Last month, two of our team members, Jelena and Matthew, attended the 35th Computational Linguistics in the Netherlands (CLIN) conference in Leuven, Belgium. The panel we presented in was called “Multi-Modal Studies”, which very much suits our project, since our analysis of social media data involves both text and images.

Social media communication has become increasingly visual, with users sharing images, videos, and text. Platforms like Facebook now host large volumes of multi-modal content, where traditional text-based analysis alone is insufficient for capturing the full semantic landscape. We argued that this shift requires computational approaches that integrate natural language processing (NLP) with image analysis to better understand how narratives are formed, reinforced, and circulated online—especially in contexts of political unrest or conflict.

For the textual data we have obtained, we have shown that standard natural language processing techniques like collocation analysis can help us understand further what topics are found in the online discourse as well as what are often mentioned when these topics are brought up on social media.

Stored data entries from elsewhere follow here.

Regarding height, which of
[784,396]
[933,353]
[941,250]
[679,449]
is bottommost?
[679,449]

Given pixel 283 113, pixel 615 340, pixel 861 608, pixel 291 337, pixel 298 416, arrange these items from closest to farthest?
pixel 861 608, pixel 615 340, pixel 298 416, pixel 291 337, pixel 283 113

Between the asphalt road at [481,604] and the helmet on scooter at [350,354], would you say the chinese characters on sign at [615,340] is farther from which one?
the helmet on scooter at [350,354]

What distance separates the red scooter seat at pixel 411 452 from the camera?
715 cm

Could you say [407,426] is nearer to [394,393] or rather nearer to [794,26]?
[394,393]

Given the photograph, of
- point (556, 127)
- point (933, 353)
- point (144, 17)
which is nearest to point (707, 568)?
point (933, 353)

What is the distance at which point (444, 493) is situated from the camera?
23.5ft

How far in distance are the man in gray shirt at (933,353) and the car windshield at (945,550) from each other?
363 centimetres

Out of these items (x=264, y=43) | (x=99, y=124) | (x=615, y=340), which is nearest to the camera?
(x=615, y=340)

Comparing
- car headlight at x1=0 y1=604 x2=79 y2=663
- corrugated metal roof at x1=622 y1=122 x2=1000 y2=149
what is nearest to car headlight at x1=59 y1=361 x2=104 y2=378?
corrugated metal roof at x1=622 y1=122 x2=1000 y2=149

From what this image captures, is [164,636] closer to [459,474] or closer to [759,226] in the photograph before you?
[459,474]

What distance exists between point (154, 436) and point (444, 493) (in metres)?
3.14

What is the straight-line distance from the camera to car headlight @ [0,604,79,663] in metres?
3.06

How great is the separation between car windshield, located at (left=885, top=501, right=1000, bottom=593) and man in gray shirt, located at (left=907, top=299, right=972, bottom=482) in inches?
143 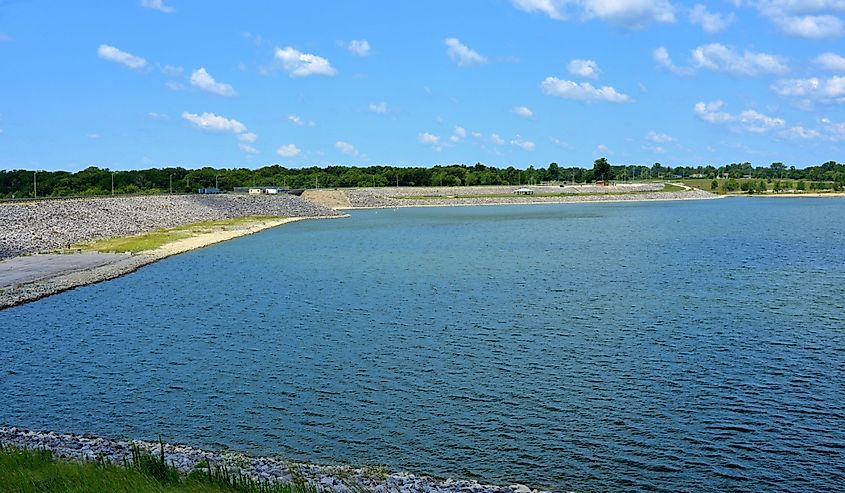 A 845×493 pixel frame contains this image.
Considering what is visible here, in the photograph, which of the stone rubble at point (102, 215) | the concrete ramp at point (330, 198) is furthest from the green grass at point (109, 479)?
the concrete ramp at point (330, 198)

In addition, we have also briefly mentioned our ongoing work on the automatic language detection of our data, which existing tools can yet deal with Fulfulde. For the visual data, we employ the CLIP (Contrastive Language–Image Pretraining) model to generate image embeddings, enabling semantic alignment with textual concepts within a shared embedding space. We apply UMAP (Uniform Manifold Approximation and Projection) to the image embeddings to cluster semantically similar images and identify recurring visual motifs. Despite having more than 10000 images which we have collected, we are able to find coherent groups of pictures according to different themes, such as violence, flood, military etc. The multi-modal framework allows us to move beyond isolated analysis of text or image content and instead model the interplay between visual and linguistic elements as they contribute to the online construction of meaning.

Last but not least, our talk ended with interests and questions from the audiences.